これは、事業を展開するにあたり、競争となり得る存在が、5者あるということです。
ただし、全ての事業に該当するわけではありませんから、参考程度に。

 

ファイブフォース5forces,マイケルポーター

 

具体的に説明します。

上図の横のラインに位置するのは、内的要因です。

<内的要因>

1)同業者間の競争

ここは、同業者が多い、高コスト構造、差別化しにくいカテゴリーです。戦略と成果の因果関係が大きいため、どのように攻めるかがカギです。

2)買手(顧客)の交渉力

供給過剰で買手の交渉力が強い場合、利益圧迫(薄利)になる傾向なので、対処をどうするかがカギです。

3)売手(仕入先)の交渉力

供給者の交渉力が強い場合、こちらも、利益が奪われる傾向なので、どのような対策を講じるかです。

<外的要因>

4)代替製品の脅威

顧客のニーズを満たす異なるサービス等に代えられる可能性を考えます。
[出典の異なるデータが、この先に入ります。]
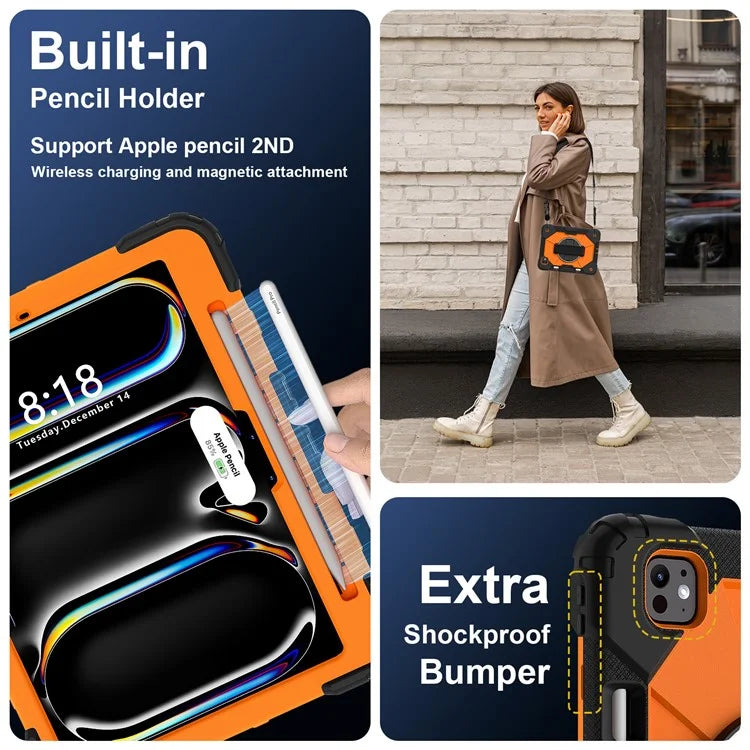 For iPad Pro 11 (2024) Case Kickstand Silicone+PC Tablet Cover with Shoulder Strap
顧客目線で考えること、他にないかを考えることことがカギです。

(これは、ある意味アイデアに繋がる可能性も)

5)新規参入の脅威

参入障壁の低いカテゴリーには脅威大です。自らが参入する時にハードルが低いなら、他者も同様であるため、視野を広げた戦略、例えば、差別化ではなく「違い」を見出だすこと等がカギです。

 

この競争要因となり得る5者を意識しながら、競争激化を回避する対策を事前に講ずる必要があります。
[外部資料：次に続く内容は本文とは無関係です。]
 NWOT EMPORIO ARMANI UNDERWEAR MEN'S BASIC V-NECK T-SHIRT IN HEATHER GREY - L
次に、「ポジションニング」の観点で ライバルを見ます。

 

Leading companyとRival candidateを避ける

「ポジショニング」する時にも活用するものなのですが、下図4つのうち、上2つのポジション 、Leading company(リーディング・カンパニー=主導者)とRival candidate(ライバル・キャンディデイト=追従者)の位置にいる同業他者とは戦いを臨みません。

下2つのポジションであるNiche(ニッチ)とOpposite(オポジット)を狙っていきます。

 

市場ポジショニング

 

ですから、その商品・サービスにおけるLeading companyとRival candidateとなる同業他者を把握し、それらとの「違い」「差異化」を勘案することで、そこからターゲティングしていくことも可能です。

「ライバル」を誰とするか‥‥これがあることで、次の戦略を考えていけるのです。